A questo va aggiunto che, soprattutto durante la lunga stagione calda indiana, le cisterne d’acqua sui tetti sono spesso prese di mira da assetate scimmie, gatti e uccelli, quindi l’acqua che proviene dalle cisterne, garantita con un po’ di fortuna 24 ore al giorno, risulta però essere decisamente impropria per quasi tutti gli usi domestici, esclusi giusto lavare i pavimenti e il bucato.

L’acqua migliore è quindi quella che viene erogata mentre le pompe sono in funzione, poiché arriva direttamente senza passare dalle cisterne.
Ogni appartamento indiano, per quanto “sgarruppato”, di solito è dotato di un rubinetto dedicato proprio a questo scopo, cioè quello di funzionare solo quando la pompa è accesa; se quest’acqua viene successivamente trattata in qualche modo – ad esempio bollita, oppure con pastiglie di cloro o sodio, o ancora meglio purificata attraverso uno dei numerosi sistemi disponibili sul mercato indiano – può essere considerata sicura a tutti gli effetti, perfino per dissetarsi.
Tutto questo spiega il grandissimo successo dell’acqua imbottigliata, non solo per i delicati stomaci stranieri, ma anche per gli indiani stessi, o almeno chi di loro se la può permettere, seppur, anche in questo caso, non sono escluse spiacevoli sorprese: soprattutto durante la stagione calda, quando la richiesta d’acqua potabile è elevatissima, nascono come funghi piccole fabbriche per l’imbottigliamento dell’acqua, le cui condizioni igieniche sono spesso a dir poco agghiaccianti.

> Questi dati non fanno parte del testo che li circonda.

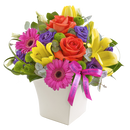 Happy Birthday Vibrant Exquisite Arrangement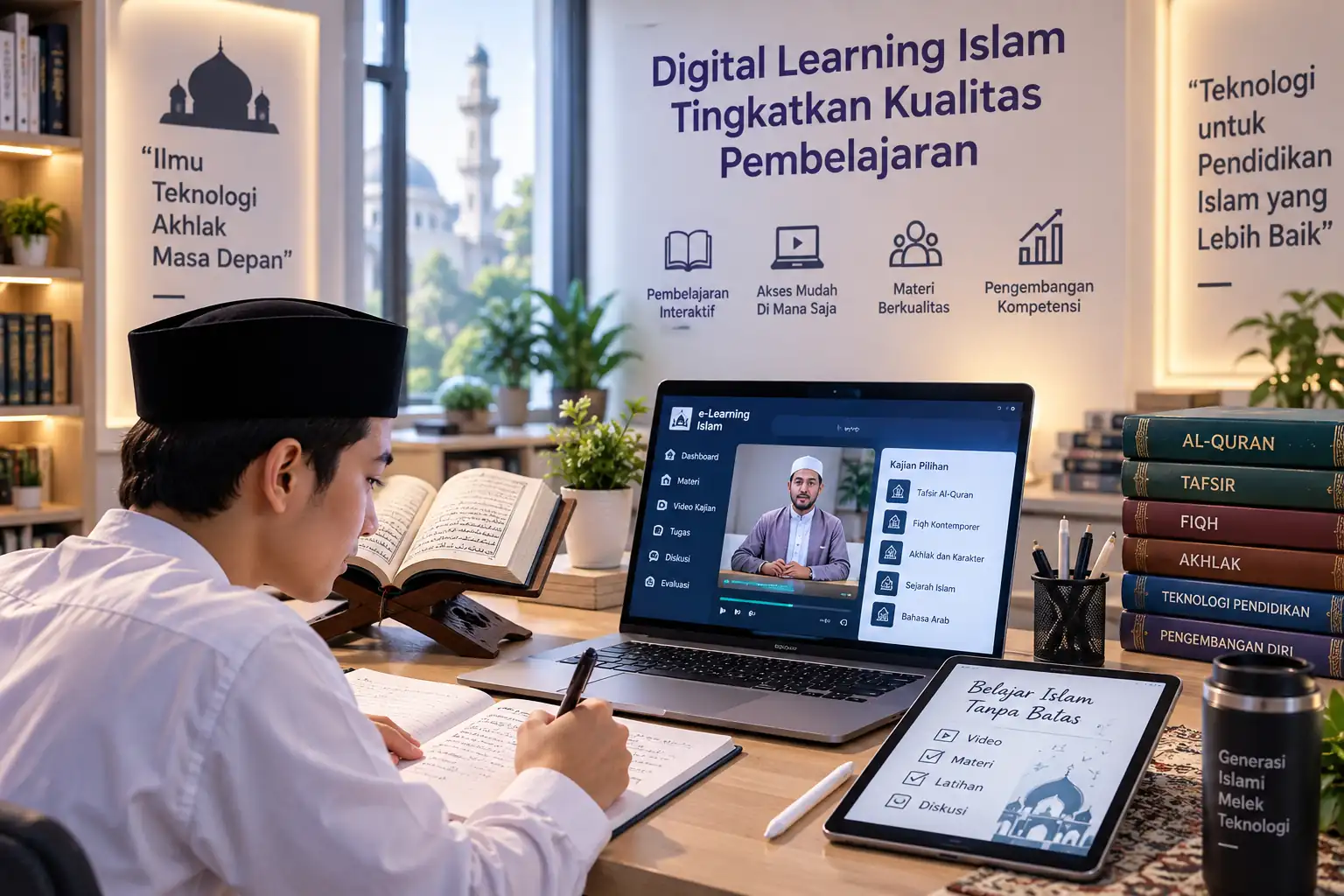 digital learning Islam mendukung pembelajaran interaktif melalui teknologi pendidikan modern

Tutti gli anni nei mesi di Aprile-Maggio, nel distretto di Varanasi, la polizia perquisisce, e in genere chiude, parecchie attività di questo tipo, dove spesso viene anche prodotto del pericolosissimo ghiaccio, probabilmente il veleno più pericoloso dell’India per gli esseri umani dopo quello del corba reale.

Seppur bisogna ammettere che le marche più famose possono essere ritenute sicure ed esenti da ogni rischio, bisogna anche ricordare che l’acqua indiana in bottiglia non proviene da sorgenti alpine, come siamo abituati nel fortunato Bel Paese, bensì dal sottosuolo e purificata attraverso il processo dell’osmosi inversa, scientificamente accurato, visto che viene utilizzato anche sulle navi per rendere potabile l’acqua di mare, ma che priva l’acqua di minerali ed altri importanti elementi.

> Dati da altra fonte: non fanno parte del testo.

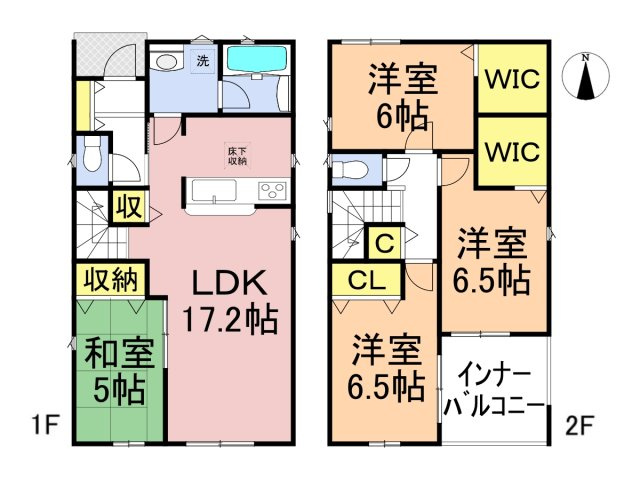 【商談中】クワイエ　大垣市昼飯町第12　全1区画分譲の間取り|■1号棟　■ヤマダ不動産　株式会社リライフ　
■夢のマイホーム購入をフルサポートします！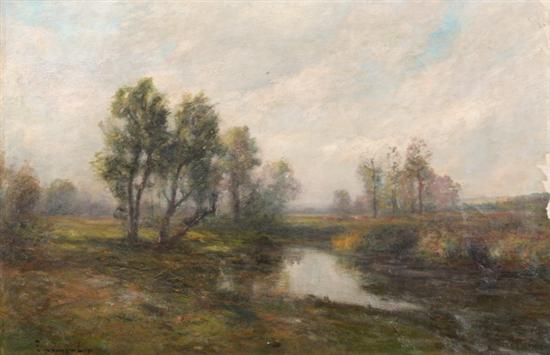 Appraisal: EDWARD B GAY American - THE RIVER MEADOWS signed lower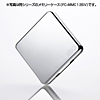 ADR-ML14SV USB2.0 カードリーダー(メッキシルバー) ADR-ML14SV / USB2.0 カードリーダー(メッキシルバー)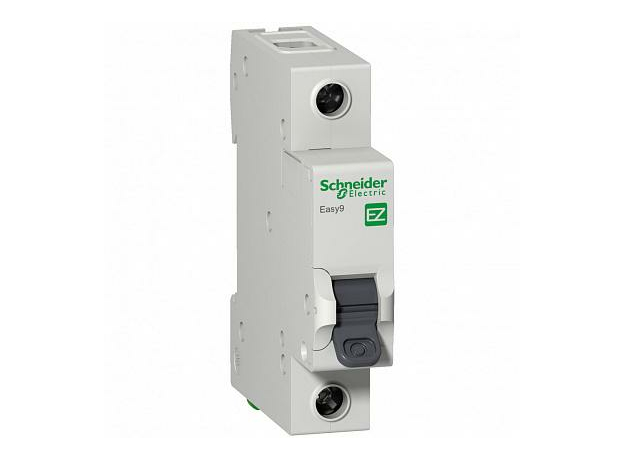 Автоматический выключатель модульный Schneider Electric EASY9 однополюсный 1п 50А C 4,5кA AC (перемен.) (EZ9F34150) Автоматический выключатель модульный Schneider Electric EASY9 однополюсный 1п 50А C 4,5кA AC (перемен.) (EZ9F34150)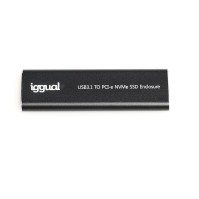 iggual Caja externa USB C 31 SSD M2 NVMe y SATA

La storica marca Bisleri (dal nome del primo imbottigliatore d’acqua in India, lo svizzero Bisleri), mantenendosi sempre all’avanguardia, ha prodotto ultimamente una serie di bottiglie sulle quali è scritto “with added minerals” (con aggiunta di minerali), decisamente importanti, soprattutto quando le temperature superano i 40 gradi, in India molto spesso e molto a lungo.
Il vago gusto “di piscina” che può avere talvolta l’acqua indiana imbottigliata si suppone provenga dai necessari processi di sterilizzazione, oltre che dalla già citata osmosi, ma ci si abitua abbastanza in fretta.

La situazione è leggermente migliore in montagna, dove invece, misconosciute marche locali possono spesso vantare piccole sorgenti montane, per cui l’acqua torna ad avere qualche elemento naturale nonché  il suo tipico ed apprezzato insapore.